What he doesn’t plan on is being caught by two burglars when he comes upstairs.  They haul him off to the basement and tie him up and gag him.  What we hear is what he is “thinking” as he is counting the minutes until the bomb goes off.  It is one of the best episodes of the series in my opinion. Take 30 minutes and Notice how the use of sound effects and descriptions by the actors enhance the story and make the tension even greater!

A well written story, performed brilliantly by amazing actors, and brought to life within YOUR imagination!  Everyone listening pictured the characters differently, saw a different basement and different clock.  The imagination is a wonderful thing!

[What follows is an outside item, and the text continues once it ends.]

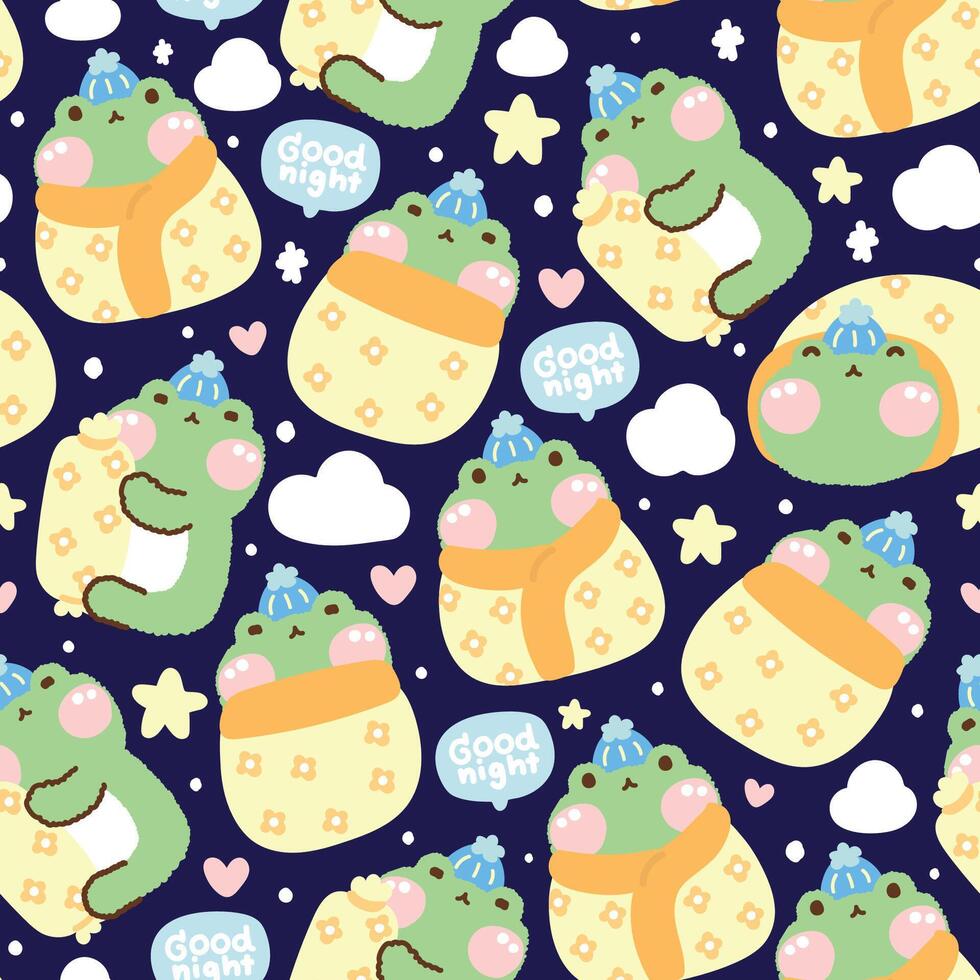 Seamless pattern of cute frog with pillow in sleep poses on night sky background.Cloud,star,heart hand drawn.Reptile animal character cartoon design.Kawaii.Vector.Illustration. vector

Now, go and imagine something!!!

Sherri Mandell defines imagination as: “the ability to remember, dream, create, improvise and in the process entertain oneself anywhere and anytime.”

We’ve seen how modern technology and entertainment hanker the human’s ability to use their imagination to its fullest potential. We’ve heard of the future ill effects of the non-use of imaginations.  And we’ve dusted off the cobwebs in our mind and used our imaginations a little.

I’d like to encourage you to continue to use it. There are countless hours of old radio shows available online, there are millions of books at the library, and it really isn’t a bad thing to turn off the TV and  daydream every once in awhile.

I will close with another quote from Sherri Mandell, “The next time you see a child lost in a daydream or in an imaginative game, sit down next to him. You might just discover the lost part of yourself, the authentic self who engages with the world without premeditation or pretense and disguise.  The self who dwells in fantasy.  The free and authentic self who is content to just be.”